CHICAGO -- Angels manager Mike Scioscia confirmed on Saturday that his team officially filed a protest of Friday night's 8-6, 10-inning loss to the White Sox at U.S. Cellular Field because of a controversial play in the first inning.
The White Sox had the bases loaded with no outs when Paul Konerko hit a ground ball to third base. Alberto Callaspo fielded it and threw home to get a force out before catcher Chris Iannetta threw wide to first attempting to double up Konerko, who was ruled safe after Albert Pujols was pulled off the bag by a wide throw.
Scioscia argued that Konerko's path to first base took him into Iannetta's throwing lane, which he contends should be an automatic out. Instead, the White Sox were only charged one out and proceeded to score four runs against Zack Greinke after an RBI single and three-run home run.
Scioscia's conviction hadn't lessened a day later.
"What they can and could change, and should change, is the fact that the judgement was, 'Was he inside the line? Yes. Was he in the lane? Yes.' Now it's assumed that he absolutely was affecting the throw of the fielder, because he was in the lane and was in jeopardy of the throw," Scioscia said. "It's not even being disputed by the umpires.

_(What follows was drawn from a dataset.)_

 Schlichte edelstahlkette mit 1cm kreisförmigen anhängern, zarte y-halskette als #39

They're saying the throw was bad, so they're not going to make a call ... which has no logic to it at all."
Iannetta said Saturday that he did alter the throw wide to the left of Konerko because of his path to the base.

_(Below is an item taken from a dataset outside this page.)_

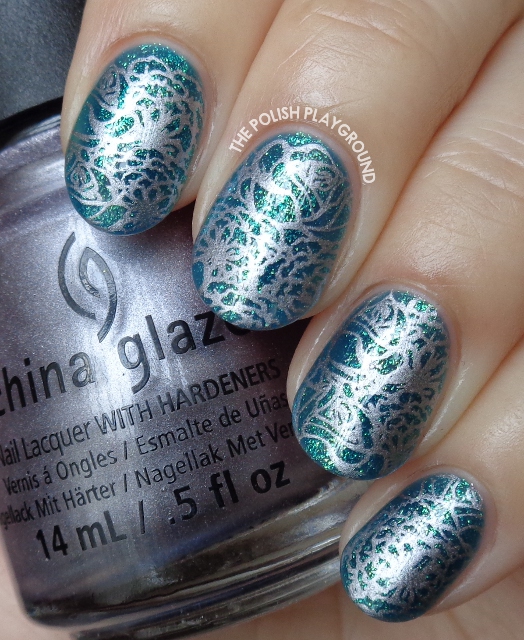 Blue Green Glass Fleck with Silver Floral Stamping Nail Art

"I know I had to adjust where I'd throw," Iannetta said. "Normally, I'd throw to Albert on the base and he'd be at the base, but just the fact that he was pulled off the bag by the throw was an indication of how I had to alter it. I didn't want to take the chance of throwing at the runner, so I threw it around him and pulled Albert off the bag."

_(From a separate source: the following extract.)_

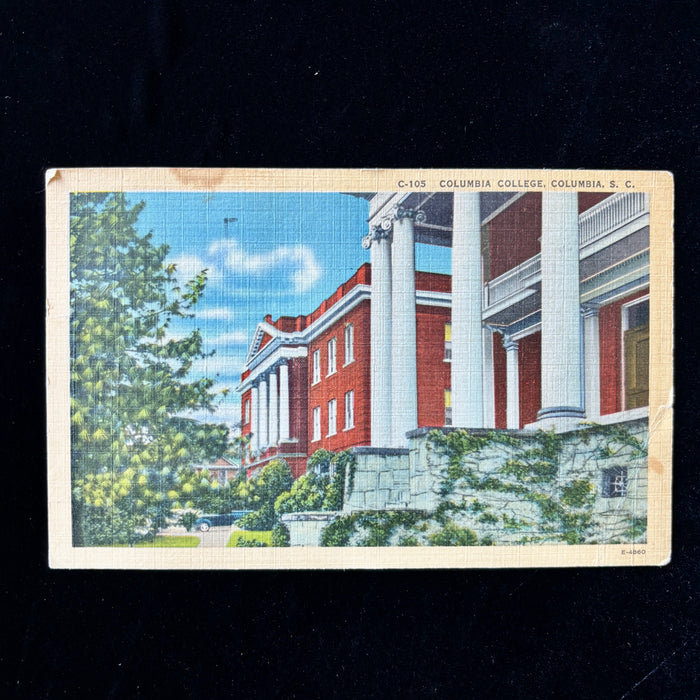 Vintage Postcard 1951 Columbia College South Carolina Linen Smokey Bear Slogan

Scioscia was asked what he thought would've been called had Iannetta hit Konerko in the back with his throw.
"I think if he would've hit him in the back, they absolutely would've made the call," the former catcher said. "But it's not contingent on that. The interpretation of the rule is not contingent on if you hit the runner. It's contingent on the parameters that [the umpiring crew] already set. That's my whole argument. The parameters they set call for that guy to be called out [from] what they told me, and that's what the protest is about."